From the looks of it, the only thing this picture really screams is STONED. But alas, there was no weed for this little lady. Turns out all you need to feel stoned is some hookah (but I will admit it seemed to be seriously strong hookah at that), and a vodka soda, or twelve, to give you those stoner hankerings that leave you reaching for a 2 lb container of cheese puffs, a snickers ice cream bar and some Dibs.

So I guess when it’s all said and done the only thing I can really tell you about my vacation as a whole is that it seems that we’ve gotten older for sure, but we definitely haven’t changed.

Ashley, the Might Still Be In College Accidental Olympian

  • http://mcdanielfamilycircus.blogspot.com Sarah

    OMG. I love Dibs. The trip sounds like fun. The last trip I took, I got norovirus. Here’s to hoping you didn’t pick that one up from the subway… :)

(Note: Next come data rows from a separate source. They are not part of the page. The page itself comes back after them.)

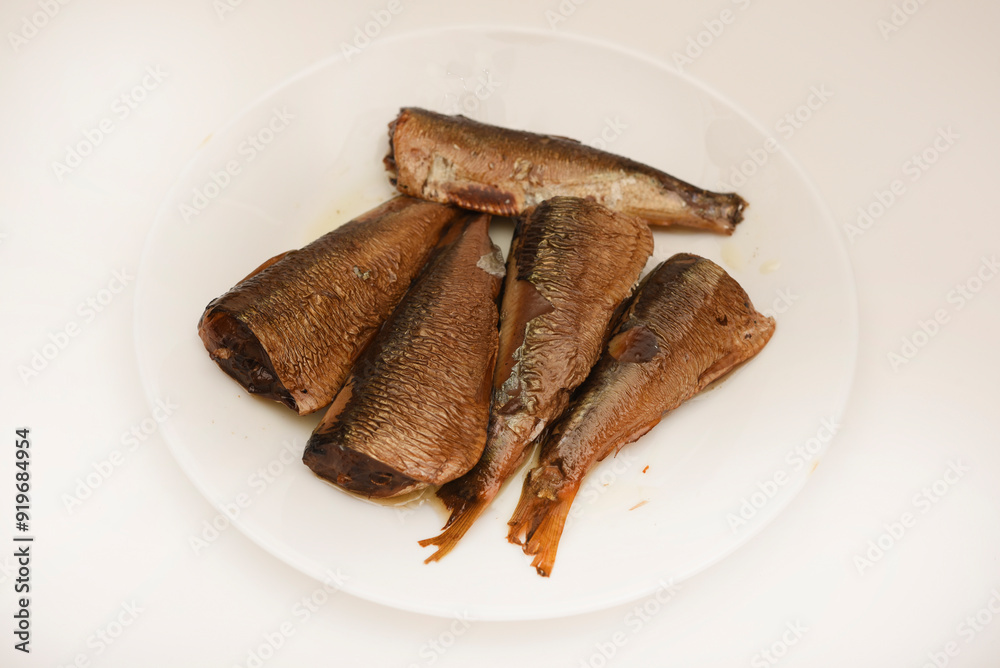Sprats on a white plate. Canned fish in oil. Fish appetizer. Sprats on a white plate. Canned fish in oil. Fish appetizer.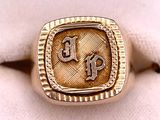 an image of a gold ring with initials on it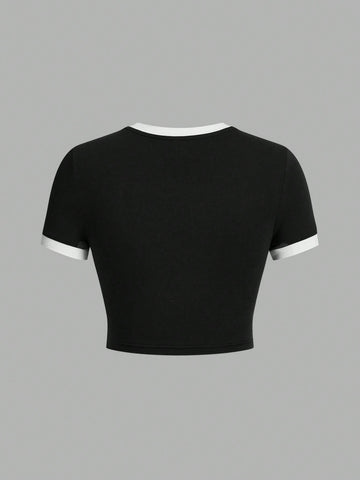 Camiseta de manga corta casual con cuello redondo y letra impresa y estrella de cinco puntas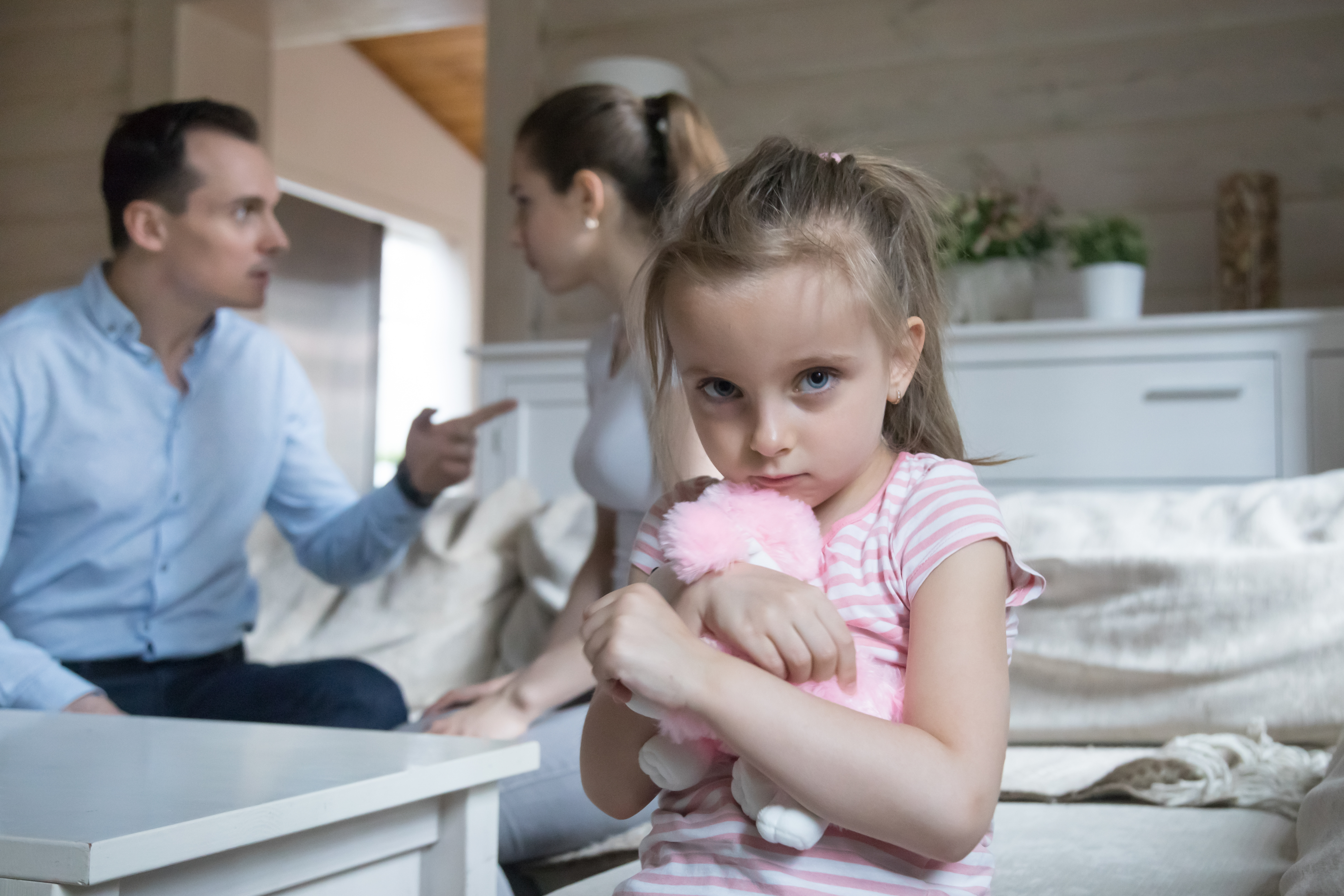 Little girl holding teddy bear while parents fight in background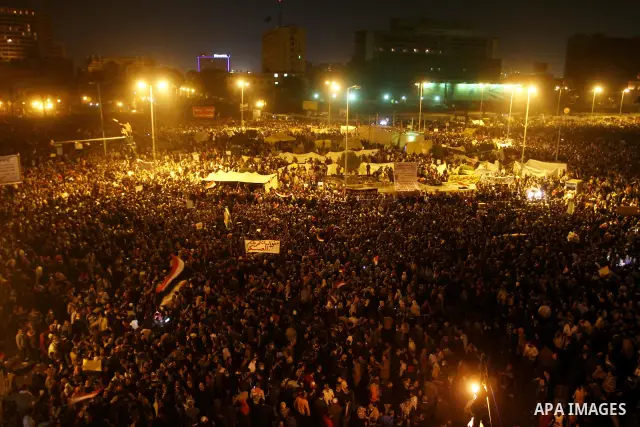 Protesters chant anti-military council slogans at Tahrir Square in Cairo November 22, 2011. Egypt's ruling generals offered on Tuesday to transfer power to a civilian president by July in a dramatic attempt to placate pr...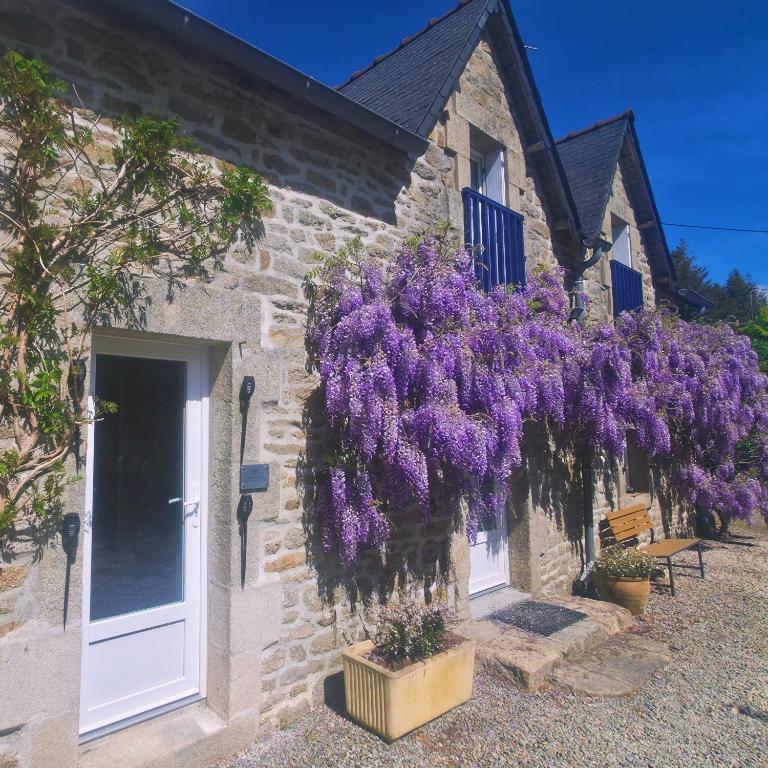 a building with a wreath of purple flowers hanging from it at Ty Kerouannec in Guilligomarcʼh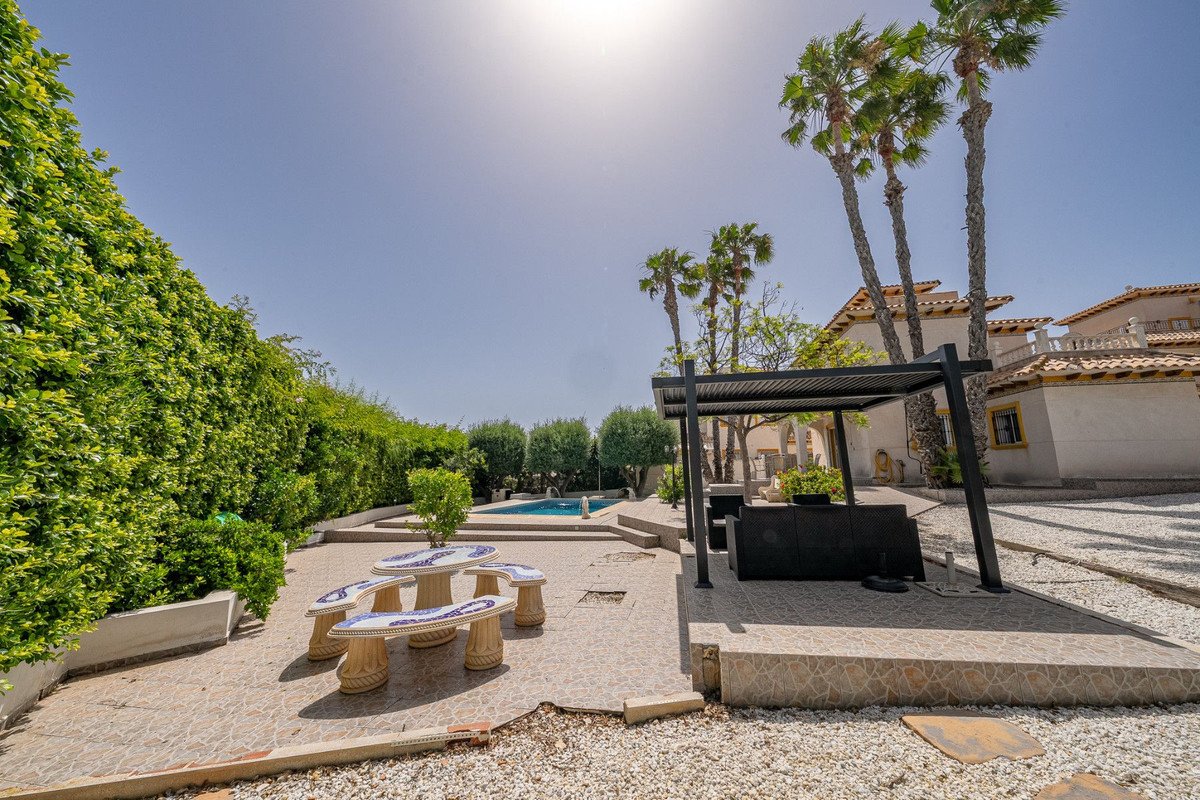Outdoor area with a swimming pool, shaded seating area, picnic table, palm trees, and lush greenery.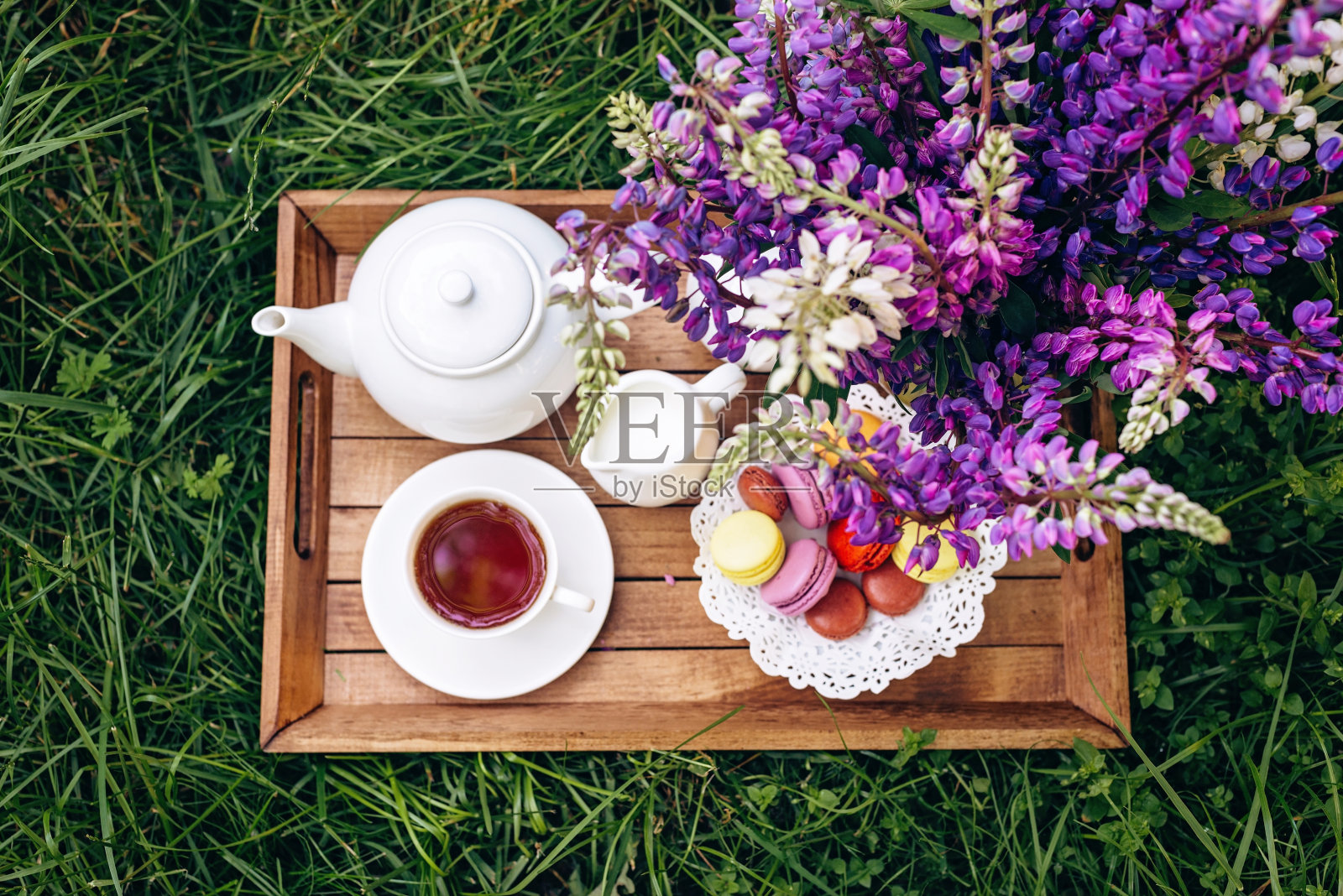在新鲜空气中享受一顿舒适的早餐。一个插着羽扇豆花的花瓶,一个茶壶,一杯咖啡茶,一个木托盘上放着杏仁饼干的蛋糕。母亲节或妇女节。软选择聚焦。照片摄影图片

  • http://riogringa.com Rachel

    I don’t know about you, but most of the time I see my college friends we devote some time to talking about how great college was and how sad we are we’re not there anymore. So I feel your pain. And yes the NY subway is the grimiest POS I have ever seen. Especially coming back from Rio where you could eat off the floor it’s so clean. During my morning commute I play the “find the rat” game when I wait for the subway. sick! anyway, glad you had a great time. living with my parents doubles my commute but i get to go through grand central every day, so that does have its perks :)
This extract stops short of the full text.